We rely on certain estimates to determine our construction and land development costs. Construction and land costs are comprised of direct and allocated costs, including estimated future costs. In determining these costs, we compile project budgets that are based on a variety of assumptions, including future construction schedules and costs to be incurred. It is possible that actual results could differ from budgeted amounts for various reasons, including construction delays, labor or material shortages, increases in costs that have not yet been committed, changes in governmental requirements, or other unanticipated issues encountered during construction and development and other factors beyond our control. To address uncertainty in these budgets, we assess, update and revise project budgets on a regular basis, utilizing the most current information available to estimate construction and land costs.
Typically, a community’s life cycle ranges from three to five years, commencing with the acquisition of the land, continuing through the land development phase, if applicable, and concluding with the sale, construction and closing of the homes. Actual community lives will vary based on the location and size of the community, the sales absorption rate and whether the land purchased was raw, partially-developed or in finished status. Master-planned communities encompassing several phases and super-block land parcels may have significantly longer lives and projects involving a small number of finished lots may be shorter.
All of our land inventory and related real estate assets are reviewed for recoverability, as our inventory is considered “long-lived” in accordance with GAAP. Impairment charges are recorded to write down an asset to its estimated fair value if the undiscounted cash flows expected to be generated by the asset are lower than its carrying amount. Our determination of fair value is based on projections and estimates.
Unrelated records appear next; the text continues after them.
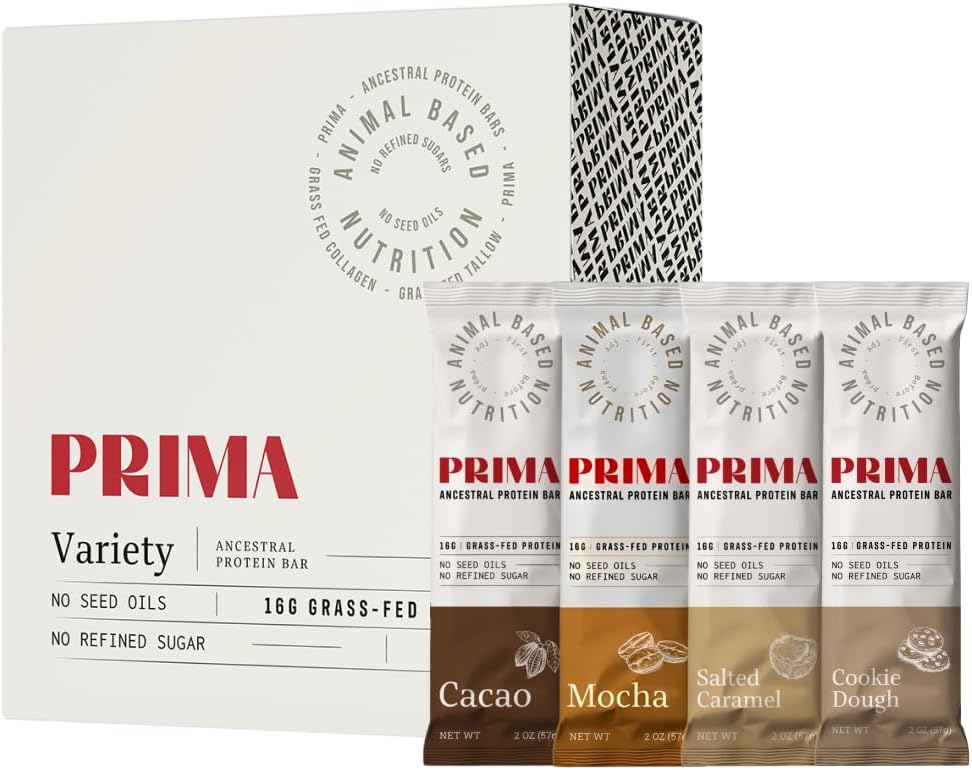 PRIMA ANCESTRAL PROTEIN BAR Grass Fed Protein Bars, 7 Pack – Animal-Based Protein Bar with Beef Tallow, Raw Honey, Seed Oil Free, Low Carb, Gluten-Free – Healthy, Energy Snacks for Clean Lifestyle (7 Pack, Variety Pack) - Image 1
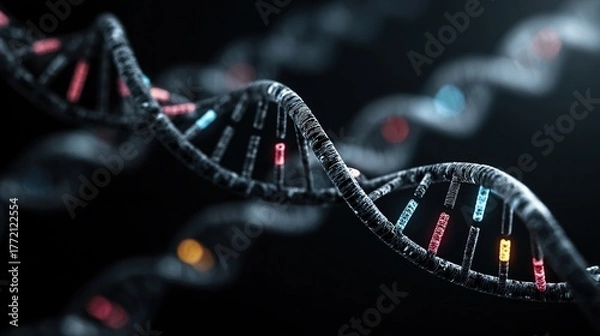 Fototapeta Genetic engineering theme, 3D DNA double helix model suspended against a black background, base pairs labeled on the chain, fluorescently labeled gene fragments beside it 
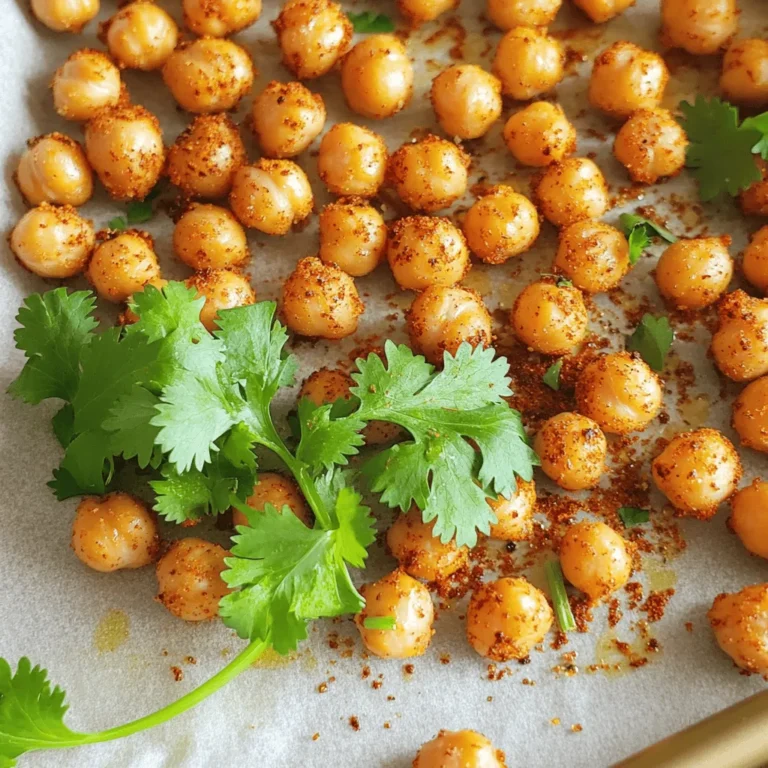 To make spicy roasted chickpeas, gather these main ingredients: - 1 can (15 ounces) chickpeas, drained and rinsed - 2 tablespoons olive oil - 1 teaspoon smoked paprika - 1 teaspoon ground cumin - 1/2 teaspoon cayenne pepper (adjust for spice level) - 1/2 teaspoon garlic powder - Salt to taste These ingredients help create a deep flavor. The smoked paprika adds a nice, warm taste. Cumin gives the dish a rich, earthy flavor. Cayenne pepper brings the heat, which you can adjust. The olive oil helps the spices stick and adds richness. You can also add some fun garnishes or extras: - Fresh cilantro for garnish - A squeeze of lime juice - Chopped green onions Fresh cilantro adds color and a fresh taste. Lime juice brightens the flavor, making it zingy. Green onions can add a nice crunch too. Feel free to get creative with your add-ins. Chickpeas are more than just tasty; they offer many health benefits: - High in protein - Good source of fiber - Rich in vitamins and minerals Eating chickpeas can help keep you full and satisfied. They are great for digestion because of the fiber. Plus, they provide important nutrients like iron and magnesium. Choosing chickpeas as a snack is a smart and healthy choice. If you want the full recipe, check it out [here](Full Recipe). Start with a can of chickpeas. Drain them well and rinse them under cold water. This helps remove any extra sodium. After rinsing, dry them with paper towels. It is very important to get them dry. Moisture will make them soft, not crispy. Preheat your oven to 400°F (200°C). Line a baking sheet with parchment paper. In a bowl, mix olive oil, smoked paprika, ground cumin, cayenne pepper, garlic powder, and salt. Toss the dried chickpeas in this spice mix until they are well coated. Spread the chickpeas out in a single layer on the baking sheet. Roast them for 30 to 35 minutes. Halfway through, shake the baking sheet to help them cook evenly. They should be golden and crunchy when done. To get the best crunch, make sure your chickpeas are super dry. The hot oven helps too. If you want extra crispiness, you can roast them a bit longer. Just keep an eye on them so they don’t burn. Let them cool for a few minutes after roasting. They will continue to crisp up as they cool. For a fresh touch, add chopped cilantro right before serving. Enjoy your spicy roasted chickpeas! [Full Recipe] You can change the heat in your spicy roasted chickpeas. If you like it mild, cut the cayenne pepper in half. Add more cayenne for a kick. You can also use chili powder for a different flavor. Taste the spice mix before you coat the chickpeas. This way, you know if it's just right for you. If you have leftover chickpeas, store them in an airtight container. Keep them in a cool, dry place. They stay fresh for about three days. For longer storage, put them in the fridge. Just remember, they may lose some crunch over time. To bring back the crunch, reheat them in the oven at 350°F (175°C) for about 10 minutes. Spicy roasted chickpeas make a great snack. You can serve them on their own or add them to salads. They add a nice crunch to any dish. Try them with hummus or yogurt dip for extra flavor. You can even sprinkle them on soups for texture. These chickpeas are versatile and tasty! For the full recipe, check out the recipe section. {{image_2}} You can change the flavor of your spicy roasted chickpeas easily. Try adding different spices. For a sweet twist, use cinnamon and brown sugar. For a tangy taste, mix in lemon zest and smoked paprika. Experiment with curry powder for a warm flavor. You can also try Italian herbs like oregano and basil. Mix and match to find your favorite blend! This recipe is already vegan and gluten-free, making it great for everyone. Check your spice labels to ensure they are gluten-free. You can use other oils like coconut or avocado oil if you wish. These oils add their own unique flavors while keeping the snack healthy and tasty! Serve your roasted chickpeas in many fun ways. They make a great topping for salads or soups. You can also mix them into grain bowls for a crunchy boost. Try them as a snack with your favorite dip, like hummus or guacamole. You can even use them as a crunchy topping for popcorn! The options are endless. For the full recipe, check out the previous section! To keep your roasted chickpeas fresh, store them in an airtight container. Use a glass jar or a plastic container with a tight lid. Make sure the chickpeas are completely cool before sealing the container. This helps prevent moisture from building up inside. Keep them in a cool, dark place like a pantry. Avoid placing them near heat sources. This keeps them crunchy and tasty for longer. If you have leftover chickpeas, you can reheat them to restore their crunch. Preheat your oven to 350°F (175°C). Spread the chickpeas on a baking sheet in a single layer. Heat them for about 10 minutes. Check them often to avoid burning. They should come out crispy and warm, just like when you first made them. Roasted chickpeas can last up to a week when stored correctly. If you notice any soft or chewy texture, they may be spoiled. Also, watch for any strange smells or colors. These are clear signs it’s time to toss them. Enjoy your flavorful snack while they are fresh! For the full recipe, check out the detailed steps above. Yes, you can use dried chickpeas. First, soak them overnight. After soaking, boil them until tender. This step is key for perfect texture. Drain the chickpeas and follow the rest of the recipe. Using dried chickpeas may take more time, but the taste is fresh and rewarding. Spicy roasted chickpeas are healthy and packed with nutrients. Here’s a quick breakdown per serving: - Calories: 120 - Protein: 6 grams - Carbohydrates: 18 grams - Dietary Fiber: 5 grams - Fat: 4 grams Chickpeas are a great source of protein and fiber. They may help keep you full and satisfied. To make spicy roasted chickpeas in an air fryer, start by following the recipe steps. After coating the chickpeas with spices, place them in the air fryer basket. Set the air fryer to 400°F (200°C) and cook for about 15-20 minutes. Shake the basket halfway through for even cooking. They will turn out crispy and delicious! For the full recipe, refer to the earlier section. Spicy roasted chickpeas are easy to make and full of flavor. We discussed key ingredients, cooking steps, and clever tips for perfect results. Remember to adjust spice levels and store leftovers well. You can experiment with different seasonings and enjoy chickpeas in many ways. Keep these ideas in mind for your next snack. Roasted chickpeas can be tasty and healthy, making them a winner every time. Enjoy your culinary adventure!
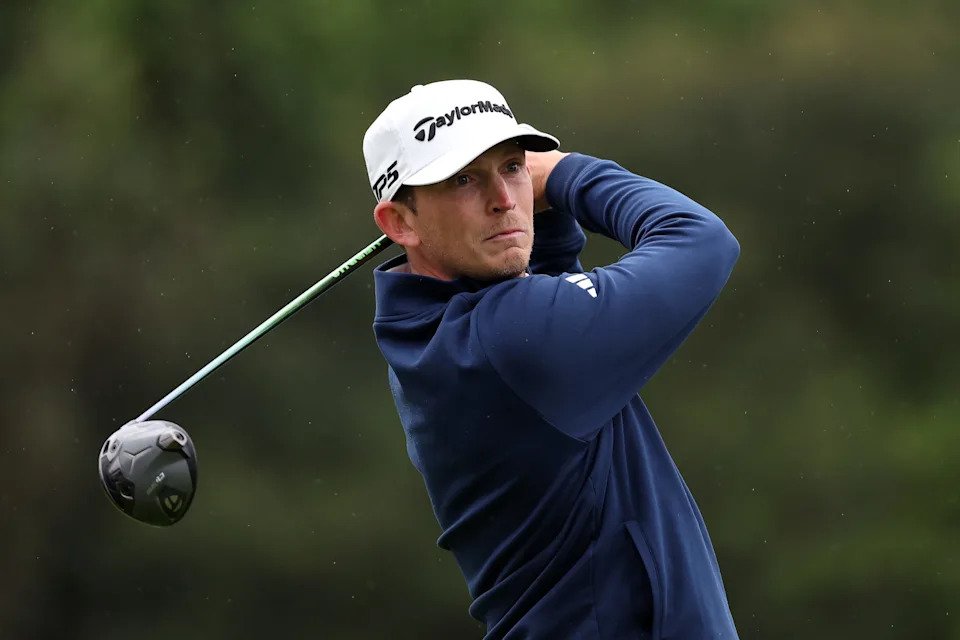 Jacob Bridgeman of the United States plays his shot from the second tee during the first round of The Genesis Invitational 2026 at Riviera Country Club on February 19, 2026 in Pacific Palisades, California.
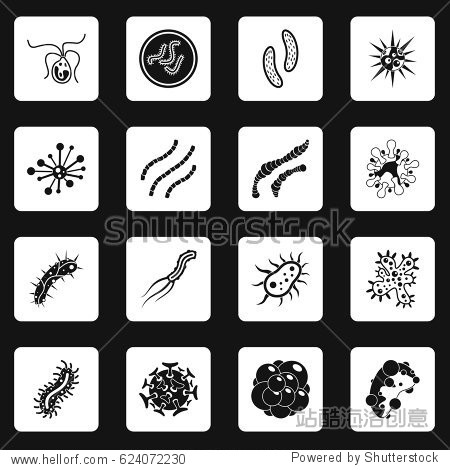 virus bacteria icons set in white squares on black background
Changes in these expectations may lead to a change in the outcome of our impairment analysis, and actual results may also differ from our assumptions. Our analysis is conducted if indicators of a decline in value of our land and real estate assets exist. If an asset is deemed to be impaired, the impairment recognized is measured as the amount by which the assets’ carrying amount exceeds their fair value. The impairment of a community is allocated to each lot on a straight-line basis.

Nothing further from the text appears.